Inutile dire che anche questa volta un esercito di scettici ha cominciato a sollevare dubbi in merito alla riuscita del progetto. E per quanto riguarda quei posti in posizione privilegiata… a chi sarebbero stati assegnati? A quale prezzo? E come l’avrebbero presa tutti gli altri spettatori? «Per noi è stato subito chiaro che non solo i posti ma anche i biglietti sarebbero stati “speciali”: i soldi ricavati dalla loro vendita sarebbero stati devoluti in beneficenza». I due artisti hanno deciso di finanziare due gruppi impegnati nella difesa dell’ambiente con cui collaborano da anni: Taylor l’Nrdc (Natural Resources Defence Council) e King l’Alliance For The World Rockies, «un gruppo che si adopera per preservare le Northern Rockies, che è anche il posto in cui vivo».
«Allo stesso tempo, però, ci teniamo molto a finanziare anche delle associazioni benefiche operanti a livello locale» spiega Taylor «ossia all’interno di tutte le comunità che ci ospiteranno, in cui andremo a suonare». E così all’incirca una novantina di altre organizzazioni più piccole ma non meno importanti beneficeranno dei fondi raccolti dalla vendita dei biglietti “speciali” reperibili solo sul sito www.ticketsforcharity.com: il pacchetto VIP Stage Seat comprenderà un tavolino per due persone a bordo palco, uno speciale pass per assistere al soundcheck, un buffet di benvenuto prima del concerto, una targa e un libro commemorativo del tour. Il Troubadour Reunion World Tour, partito lo scorso 27 marzo da Melbourne, in Australia, per poi spostarsi in Nuova Zelanda e Giappone, sta ora girando per il Nord America e infine arriverà anche in Europa. «Abbiamo davvero bisogno di un pubblico col quale interagire e per cui suonare stando a stretto contatto» ha spiegato James Taylor. «Questo è il nostro modo di concepire la musica live… Il pubblico è parte integrante dello spettacolo: chi compra i biglietti ci regala una parte del proprio tempo e questo ci onora. Noi stiamo sul palco, è vero, ma le persone che partecipano agli show giocano un ruolo di uguale importanza, perché sono parte attiva di questa grande raccolta fondi».

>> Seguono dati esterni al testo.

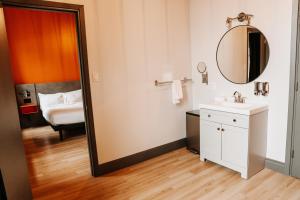 a bathroom with a sink and a mirror and a bed at Hotel Historique et Manoir Route 66 in Saint-Victor +57 photos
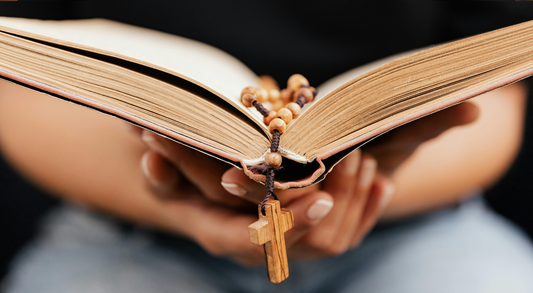 Person holding a bible with cross chain bookmark.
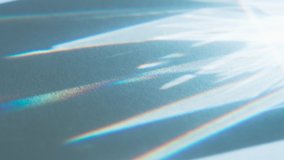 Sharp Beams from Lens Edges. Loop. The optical lens system creates a series of bright, changing geometric highlights on a light surface - Powered by Shutterstock - Get 15% off with code: PIKWIZARD15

«Certo, sarebbe fantastico avere tutto il pubblico vicino» ci tiene a puntualizzare Carole King «ma non essendo possibile per ovvi motivi, trasformare quei biglietti in qualcosa di speciale ci è sembrata la cosa più ovvia. Roy Bennett, però, è riuscito a realizzare ciò che sembrava impossibile: ha disegnato il palco in modo tale da ridurre al massimo la distanza tra noi e la gente». Il palco infatti avrà una forma circolare, sarà posizionato nel centro delle arene e durante lo show ruoterà molto lentamente, permettendo agli artisti di entrare in contatto con tutto il pubblico e non solo con una piccola parte di esso. Sarà come assistere a una specie di magia, che ogni sera prenderà vita dall’unione di due straordinari artisti ed esseri umani: un incantesimo in grado di infondere a un’enorme, fredda e impersonale arena tutto il calore e l’intimità di un piccolo club, trasformando al contempo un’esperienza già di per sé unica in qualcosa di più alto e utile anche per quelle persone che non avranno la possibilità di prendervi parte, tendendo loro idealmente una mano per dire: «You’ve got a friend».